Cuchulainn (koo-HOOL-in) is a figure of Irish myth that deserves to stand among the greatest, Theseus or Heracles. He, better than anyone, could demonstrate the way a single song could change the fate of a man.
Cuchulainn became friend and foster brother to Ferdiad when he was a young boy training with the famed Scottish warrior-woman Scáthach. Ferdiad was older than Cuchulainn, and though they were evenly matched in skill, akin to an older brother to the hero.
Neither of them could know that during one of the great battles of their lives they would be fighting on opposing sides. Cuchulainn fought for Ulster while Ferdiad fought on the Connacht side with Queen Maeve. The war was fought over the ownership of a single brown bull (a very magic brown bull, but still.)
Cuchulainn stood alone against the entire Connacht army and held them back from crossing over. When he had defeated a majority of their best soldiers, Maeve settled on Ferdiad who she found to be the closest of Cuchulainn’s matches. He refused her—a mistake few men made twice.
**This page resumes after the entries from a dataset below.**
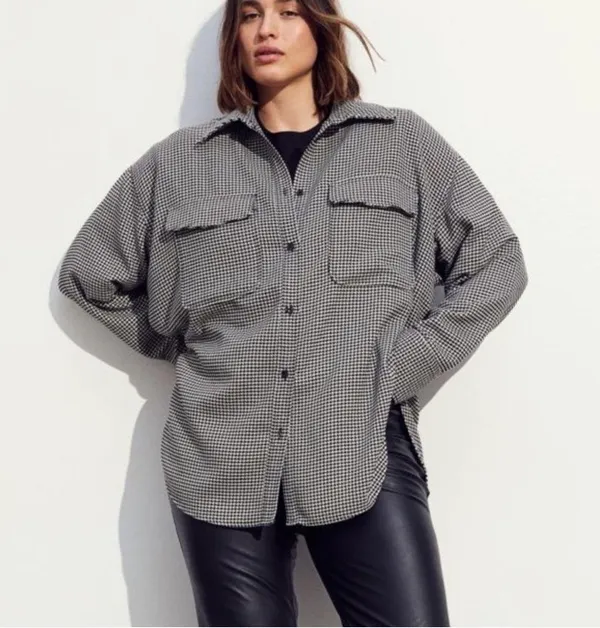 H&M Monochrome Houndstooth Button-Down Shacket - Image 2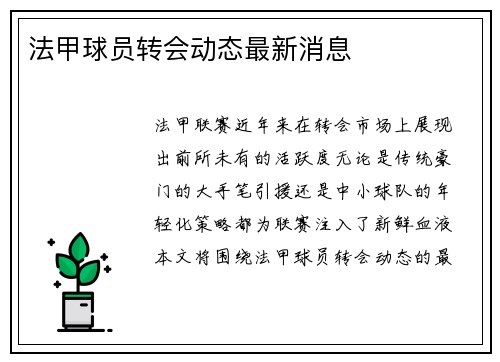 法甲球员转会动态最新消息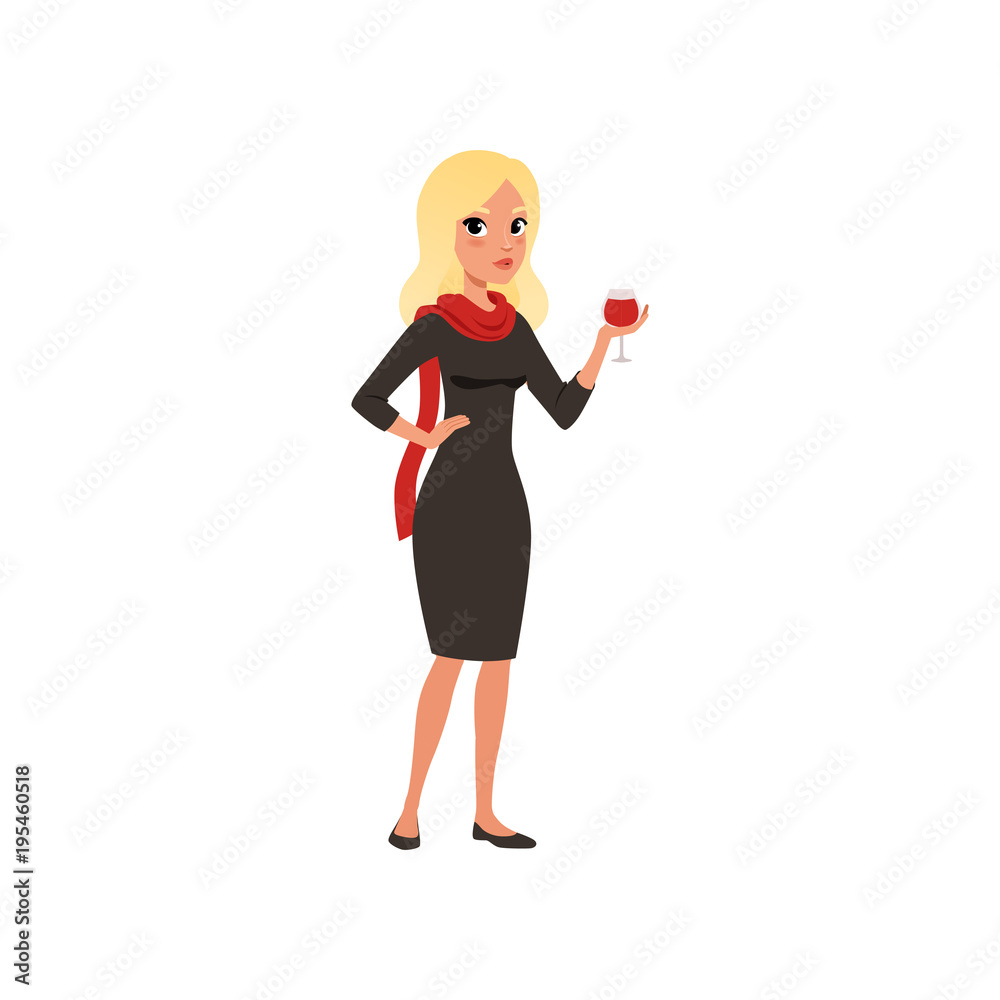Beautiful woman character in black dress holding glass of wine, girl dressed in Parisian style vector Illustration on a white background Beautiful woman character in black dress holding glass of wine, girl dressed in Parisian style vector Illustration on a white background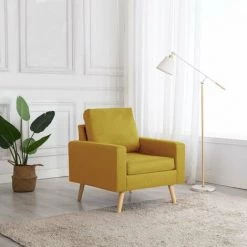 HAPPYSHOPPING Fauteuil Jaune Tissu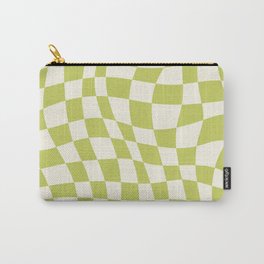 Chartreuse wavy checked pattern Carry-All Pouch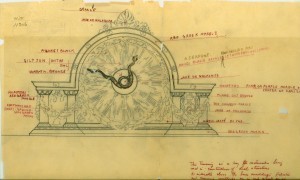 Flanagan's original design contained exacting notes on materials and placement. No included in the final piece were the snake hands shown in this drawing. Manuscript Division. 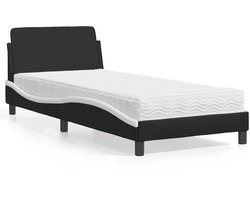 vidaXL - Bed - met - matras - "Dover" - kunstleer - zwart - en - wit - 80x200 - cm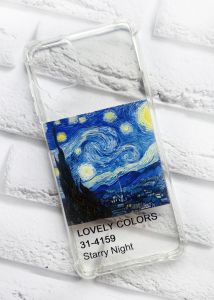 Чохол із потовщеними кутами на Samsung A12 4G рельєфний дизайн Зоряна ніч принт 74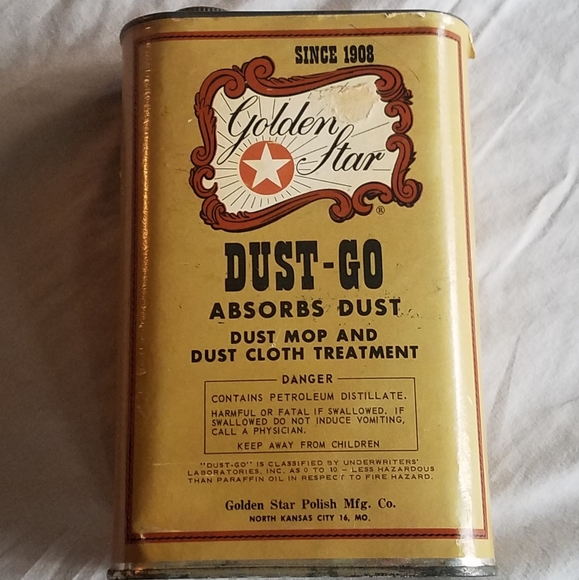 Vintage Golden Star Dust-Go Tin - Picture 1 of 3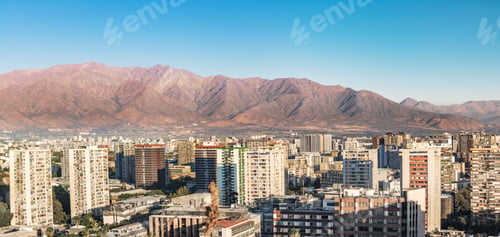Preview: Panoramic aerial view of downtown Santiago with Andes mountains on background - Santiago, Chile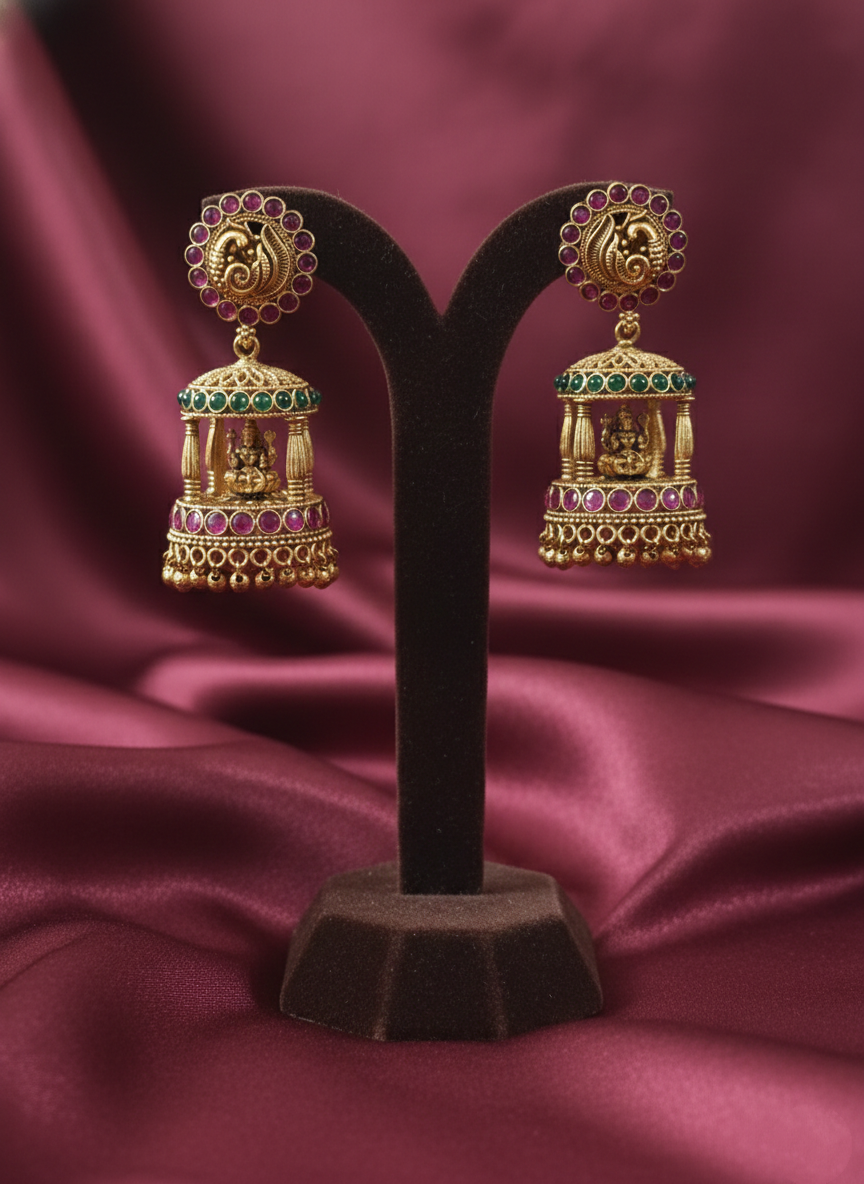 Matte Finish Lakshmi Temple Jhumka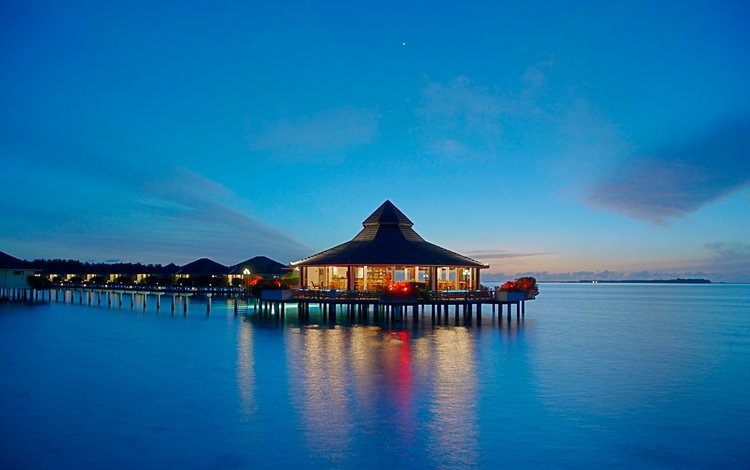 вечер, бунгало, тропики, мальдивы, the evening, bungalow, tropics, the maldives
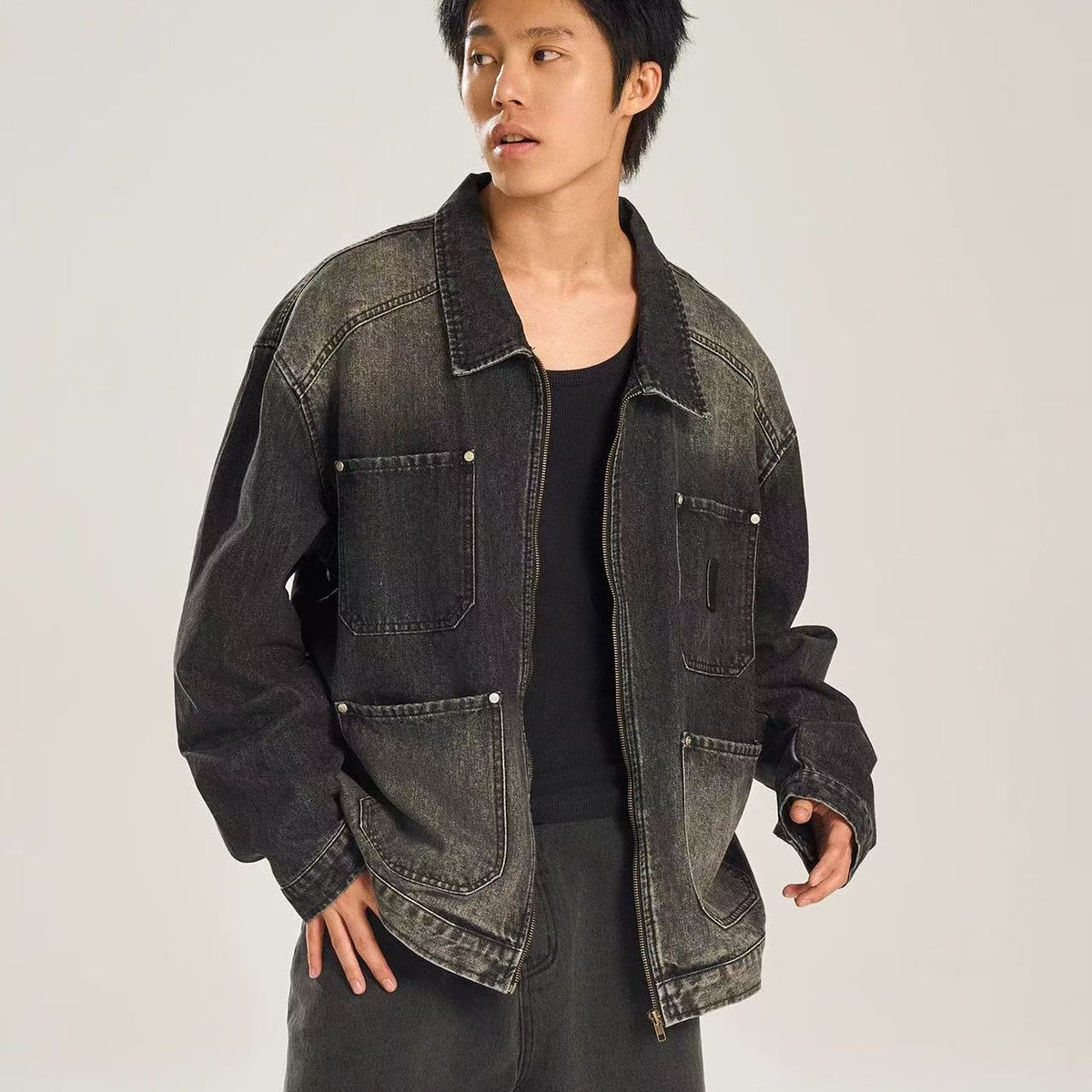 BIPOLAR Retro Distressed Design Washed Denim Jacket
He held out until the matter of a song came up. Maeve threatened him with one of the only things that could probably move a warrior bound by honor. She threatened to have a bard sing a song of him so vile and terrible that he would die of shame, his name would be remembered but not at all in the way he’d want it.
So it was a song that finally sent Ferdiad against his friend and brother (albeit there was treasure involved as well, but let’s face it. It was honor that held him back and honor that pushed him forward.) He fought with a man who, before he was even a teenager, was killing grown men.
Without anything written down, who would know him for anything but what a bard would sing?
|Cuchulainn mourning Ferdiad |
On the third day, Ferdiad was struck down and the battle rage left Cuchulainn. Cuchulainn carried him across the river so that he could die in Ulster rather than with the Maeve and the enemy army. He wept over him, saying: “It was all a game and a sport until Ferdiad came; Oh, Ferdiad! your death will hang over me like a cloud for ever. Yesterday he was greater than a mountain; to-day he is less than a shadow.”
There you have it. A song with the power to turn a man like a mountain into a shadow.